Stocks in TFSA or RRSP or CASH?

0
0

I have been reading in many post that the stock purchase is suggest in TFSA and in some cases RRSP.
My question is, are any specific industry/sector stocks one should buy in TFSA and another specific sector stocks in RRSP??
I need better understanding on these points.

In my case I have already purchased and exhausted my TFSA & RRSP limits and also purchased many other stocks in CAD-CASH account and there are many stocks which are partial qty in TFSA and partial qty in CASH….or some other stocks partial qty in RRSP and partial CASH or RRSP…basically mix of everything….so would like to understand if that is an issue or does it bring in any additional liability????

Den knows that I’m not an experienced investor, recently started and build a portfolio without much of a knowledge but I want to correct my mistakes if done in accumulating stocks with your guidance.

Marked as spam
Asked on August 26, 2020 11:28 am
2 views
0
Private answer

Ultimately where to put holdings depends on a large amount of things.
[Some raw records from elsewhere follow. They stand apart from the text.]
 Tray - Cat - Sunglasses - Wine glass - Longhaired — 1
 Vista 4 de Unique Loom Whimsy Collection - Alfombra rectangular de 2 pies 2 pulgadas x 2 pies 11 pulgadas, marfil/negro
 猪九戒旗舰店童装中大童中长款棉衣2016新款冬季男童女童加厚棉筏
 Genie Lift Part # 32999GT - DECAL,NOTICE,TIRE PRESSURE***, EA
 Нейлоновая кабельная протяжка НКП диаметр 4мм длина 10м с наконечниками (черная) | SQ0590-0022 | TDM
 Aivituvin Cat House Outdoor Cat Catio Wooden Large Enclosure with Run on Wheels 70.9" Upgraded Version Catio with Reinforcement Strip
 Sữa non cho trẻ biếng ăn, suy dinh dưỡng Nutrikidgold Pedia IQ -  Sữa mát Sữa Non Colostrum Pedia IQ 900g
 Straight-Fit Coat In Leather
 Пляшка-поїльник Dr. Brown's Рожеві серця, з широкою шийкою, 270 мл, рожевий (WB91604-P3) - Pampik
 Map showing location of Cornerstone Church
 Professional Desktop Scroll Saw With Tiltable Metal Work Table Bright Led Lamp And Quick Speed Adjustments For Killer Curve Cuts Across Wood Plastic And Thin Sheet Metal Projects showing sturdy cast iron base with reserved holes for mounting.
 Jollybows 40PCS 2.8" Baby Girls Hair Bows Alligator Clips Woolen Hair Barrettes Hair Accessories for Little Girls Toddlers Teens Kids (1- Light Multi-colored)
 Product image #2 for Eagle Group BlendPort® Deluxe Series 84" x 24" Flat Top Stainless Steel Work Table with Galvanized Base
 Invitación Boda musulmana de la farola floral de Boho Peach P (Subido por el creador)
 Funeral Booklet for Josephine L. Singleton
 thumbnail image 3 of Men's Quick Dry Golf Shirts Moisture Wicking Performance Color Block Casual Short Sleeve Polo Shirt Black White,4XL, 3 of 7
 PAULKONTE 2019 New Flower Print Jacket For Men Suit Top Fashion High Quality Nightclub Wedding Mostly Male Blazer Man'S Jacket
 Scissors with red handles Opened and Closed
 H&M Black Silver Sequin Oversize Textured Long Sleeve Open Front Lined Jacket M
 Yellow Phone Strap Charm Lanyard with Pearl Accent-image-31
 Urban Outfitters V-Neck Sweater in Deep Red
For one, RRSP's are extremely beneficial to contribute to in your highest income days and pull out in your lowest income (retirement). However, if you've got stuff like pensions and CPP, these may push you into a higher tax bracket and the RRSP isn't as beneficial.

The one thing I can answer definitively though, is if you're holding U.S. dividend paying stocks, they are best held in an RRSP. There is a witholding tax placed on these stocks that is forgiven inside of a RRSP, but the United States does not consider the TFSA a retirement type account, and thus they charge the witholding tax.

Here is my personal take on it. Ultimately, you'll never be charged taxes on gains in a TFSA. So, I place more of my pure growth plays within a TFSA and more of my lower growth income options inside of a RRSP.

However, this is absolutely key. I DO NOT invest in hyper growth style stocks within a TFSA. Lots of people do this, hoping to strike it rich on a tax free basis. For one, you cannot claim a capital loss on a TFSA investment gone bad. Secondly, you lose that contribution room. If I contribute $5000 and lose it all on a penny stock, I don't get that room back next year.

So, my style of investing:

RRSP - left for slower growing, dividend growth style companies
TFSA - some dividend options with higher growth potential, pure growth plays
Cash account - speculative pure growth plays

The speculative growth plays in a cash account at least lets me take advantage of a capital loss in the event one were to happen.

I am one of many, many investors. Strategies will vary. But this is what I do, and what I feel helps my situation best. Keep in mind, I have no pensions.